Most linux server apps I know communicate through the filesystem by leaving a .pid,.lock and/or a .sock somewhere and then setting up a custom channel using a handle to that. It feels kind of hacky, but at least you get to control the crappiness.
kdbus actually supports a whole load of fairly sensible communications models, with a reasonably simple API, and ditches the horrible bits of dbus. It's a shame that it's (unnecessarily IMO) bound up in controversy.
It doesn't seem very general purpose unless there are also non kernel implementations, and you can't sanely remote it as it relies on the kernel for authentication.
Its purpose is single host communication. If you assume a single host then you don't have to deal with distributing computing problems at all.
Not sure why having non-kernel implementations is a problem. Is the fact that there is no non-kernel implementation of Unix sockets / TCP/IP / filesystems / name-most-other-Linux-kernel-features a problem for you?

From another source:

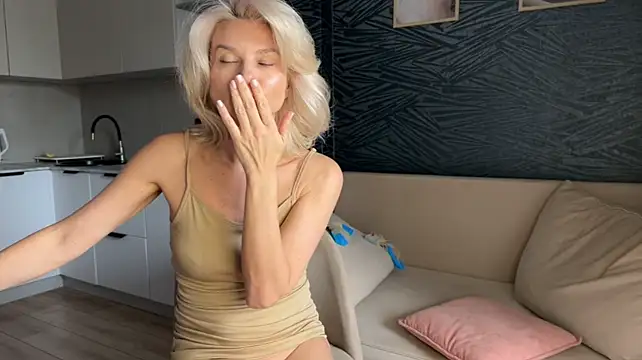 Molly_Beauti – Live XXX-chat
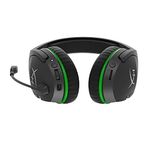 HyperX CloudX Stinger Core Kablosuz Oyun Kulaklığı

BTW I don't especially care about kdbus, but I do hate that there are no good, featureful communication primitives in Linux.
The article was looking for multihost too which is why I mentioned it.
There are some non kernel sockets implementations, but it is less of an issue as every kernel implements them, but kdbus is not implemented anywhere yet. It is also not possible to implement correctly in userspace as the security guarantees rely on a kernel, which is inconvenient. It is unlikely eg FreeBSD will ever implement it.
The problem with DBus is that it's been around for ages now and still most developers say they support it because they have to, not because they like it. Basically, it's not going to get much better than it already is, or by now it would have.
Providing an easy-to-use interface is the job of D-Bus client libraries, not the protocol itself. Client libraries are still a wild frontier, not at all settled.
I thought sd-bus was considered a good D-Bus client library? Haven't had the need to try it out myself, but the name has been popping up recently when dbus has been discussed.
ITts a lot better. I've ported libdbus-1 code to sd-bus and in practise I saw 100s of lines are replaced by about 20, with better error reporting on top of it.
Most linux server apps I know communicate through the filesystem by leaving a .pid,.lock and/or a .sock somewhere and then setting up a custom channel using a handle to that. It feels kind of hacky, but at least you get to control the crappiness.